The Latin word ‘science’ means ‘knowledge’. The earliest roots of this word can be traced back to 3000 to 1200 BCE in Mesopotamia and Ancient Egypt. And in today’s world science, technology, and its continuous development has created environmental protection, health care, commercial issues and products, and public infrastructure. In this article, we are going to read about the 10 best books about the history of science. These books will go down in history to the beginning of science, discoveries, inventions, and greatest inventors.

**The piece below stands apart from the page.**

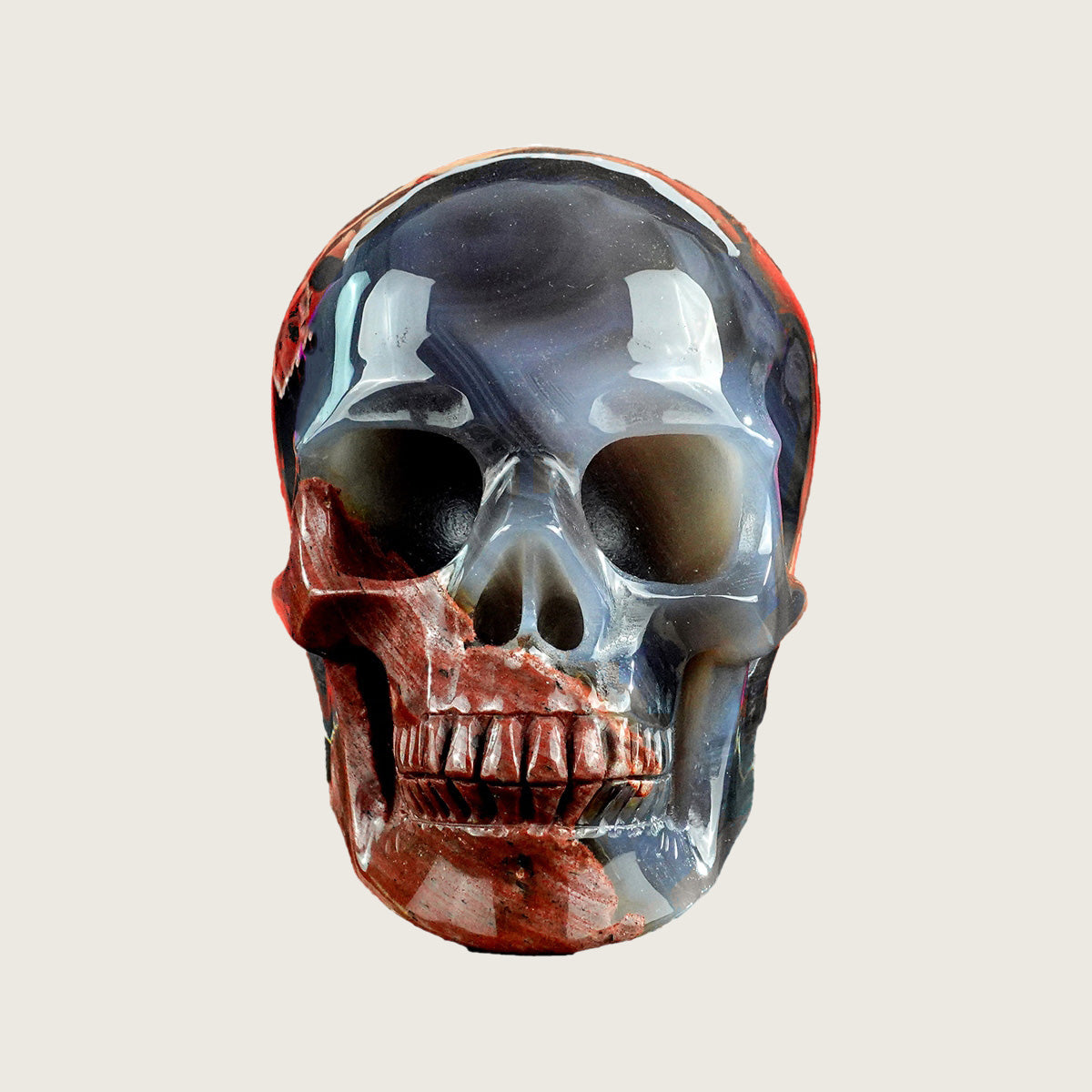 4.5" Volcanic Agate Crystal Skull Carving  #SKHVA4501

10 Best Books about the History of Science:
The Timetables of Science – Alexander Hellemans
This book by Hellemans is highly required as we are discussing the history of science. So let’s start the number of articles with a book that records the remarkable events in the history of science chronologically from the beginning of the time to the present day.
Science and Technology in World History – J. E. I. McClellan and H. Dorn
The two writers of this book identify two great scientific traditions – scientific theorizing (Commenced by the Greeks during ancient times) and useful sciences (benefited by the state from the starting of civilization). They find that scientific customs were rooted in India, China, South, and Central America. From the relative viewpoint, the writers explore the emergence of the United States and Europe as a technological and scientific power.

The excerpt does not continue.